¿El narcotráfico, delito conexo?

Afirmando que “tenemos que ser un poco más flexibles”, el presidente de la República Juan Manuel Santos ha propuesto ampliar el concepto de delito político y en especial el de delitos conexos con él, con el fin de lograr los acuerdos de paz con la guerrilla de las Farc, pues uno de los elementos esenciales de los diálogos ha sido el de la participación en política.

Y ya se está hablando del narcotráfico como conexo, lo que nos parece un error.

Una de las normas constitucionales vigentes sobre la materia es la del artículo 179, numeral 1, de la Constitución de 1991, a cuyo tenor no podrán ser congresistas “quienes hayan sido condenados en cualquier época por sentencia judicial, a pena privativa de la libertad, excepto por delitos políticos o culposos”.

En materia de justicia, el artículo 150, numeral 16, de la Carta dispone que el Congreso, mediante ley, tiene la atribución de “conceder, por mayoría de los dos tercios de los votos de los miembros de una y otra Cámara y por graves motivos de conveniencia pública, amnistías o indultos generales por delitos políticos”.

En síntesis, quienes hayan sido condenados por delitos comunes en cualquier tiempo no pueden ser elegidos como congresistas. Y, por otra parte, no puede haber amnistía ni indulto por delitos comunes.

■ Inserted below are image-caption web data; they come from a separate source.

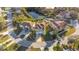 A stunning aerial view of a home on a lot near a tranquil pond and lush greenery at 7327 Brightwaters Ct, New Port Richey, FL 34652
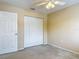 Bedroom with plush carpet, lighted ceiling fan, and large double-door closet at 564 Mount Olympus Blvd, New Smyrna Beach, FL 32168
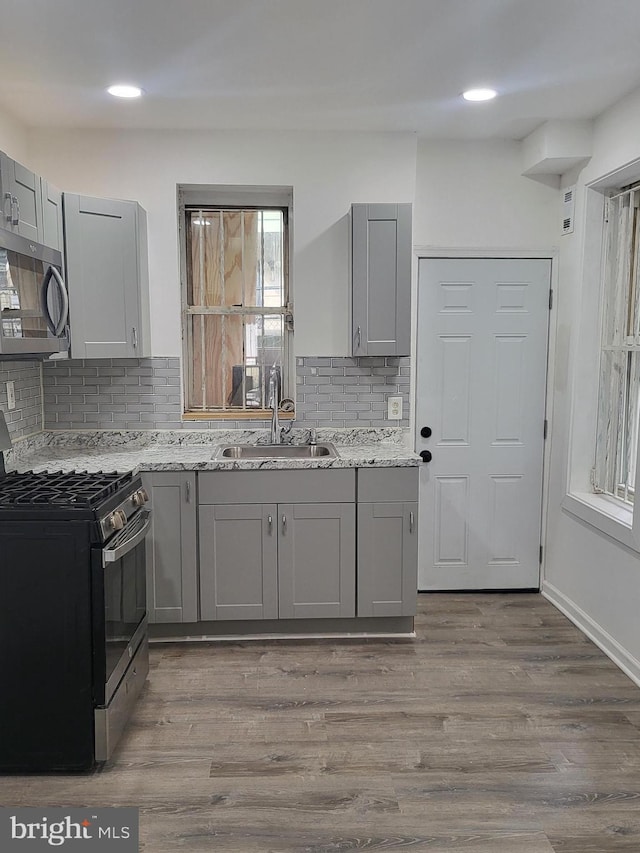 kitchen featuring light stone counters, appliances with stainless steel finishes, wood finished floors, gray cabinets, and a sink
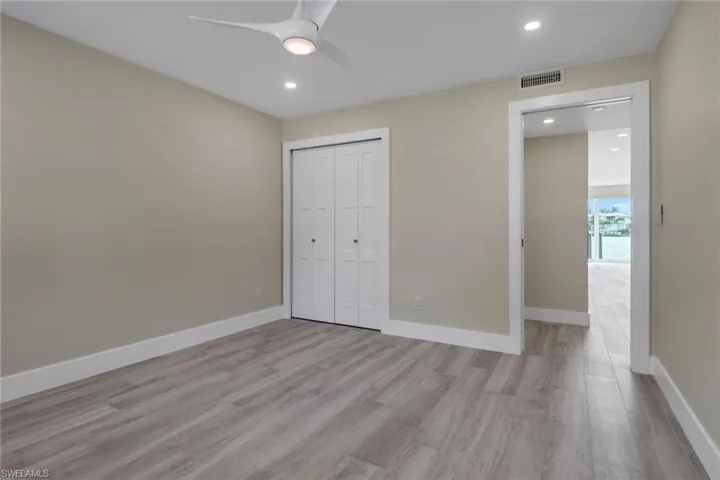 Unfurnished bedroom featuring light wood-style flooring, recessed lighting, a ceiling fan, and a closet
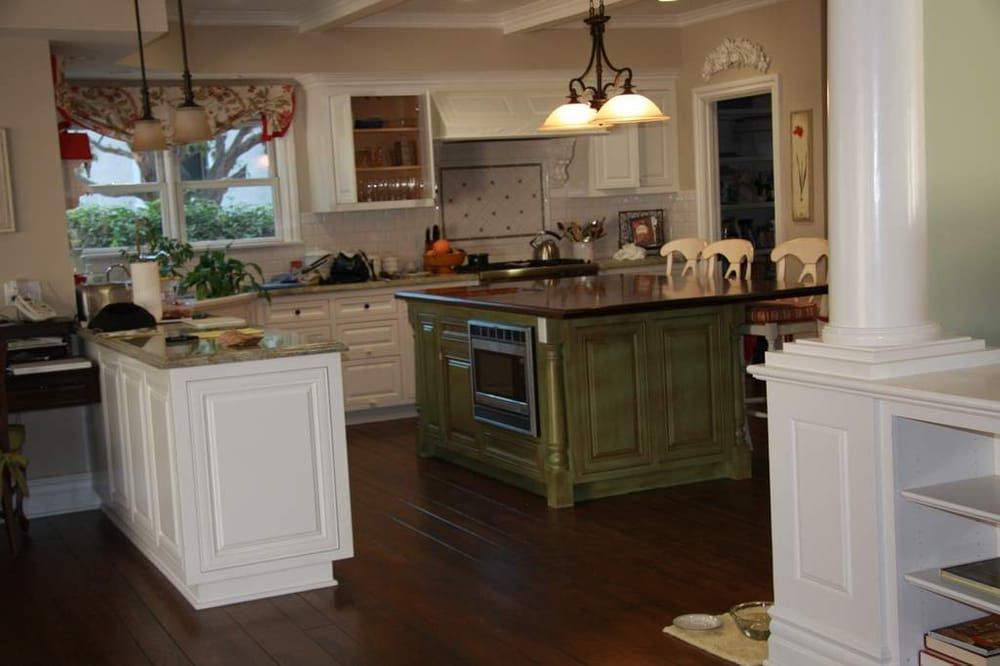 A kitchen with a green island and white cabinets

Y es claro que, a la luz del Derecho Internacional Humanitario, no caben ni la amnistía ni el indulto para los autores de crímenes de lesa humanidad, de genocidios o de crímenes de guerra cometidos en forma sistemática.

De modo que, en principio, lo que no sea delito político -en Colombia la rebelión, la sedición y la asonada- no puede ser amnistiado o perdonado, y quienes hayan cometido delitos distintos a los culposos y a los políticos (es decir, los que tienen por intención y objetivo la caída y la sustitución del régimen político vigente, del orden jurídico y de quienes ejercen el poder) no pueden aspirar a ser elegidos.

La doctrina, la ley y la jurisprudencia han elaborado el concepto de delitos conexos con los políticos, es decir aquellos que, siendo comunes, están ligados a los políticos, porque se cometen en concurrencia con ellos, para poder perpetrar el delito político, para facilitarlo o para consolidarlo.

Pero, desde luego, el delito conexo es excepcional. No puede ser una regla general que acabe por convertir toda conducta delictiva en política.

El artículo 3 del Acto Legislativo 01 del 31 de julio de 2012 (Marco Jurídico para la Paz) estableció:

“Una Ley estatutaria regulará cuáles serán los delitos considerados conexos al delito político para efectos de la posibilidad de participar en política.

“No podrán ser considerados conexos al delito político los delitos que adquieran la connotación de crímenes de lesa humanidad y genocidio cometidos de manera sistemática, y en consecuencia no podrán participar en política ni ser elegidos quienes hayan sido condenados y seleccionados por estos delitos”.

Consideramos que la “ampliación” de la que habla el Presidente no puede ser tan generosa como para borrar las diferencias entre el delito político y el común.

Hay que preservar ese carácter excepcional, y además insistir en la relación estrecha que debe existir entre hechos punibles de uno y otro tipo para que verdaderamente haya conexidad.

Una conexidad que no encontramos en modo alguno configurada en los casos de crímenes de lesa humanidad, de genocidio, de guerra cometidos en forma sistemática, ni en el narcotráfico.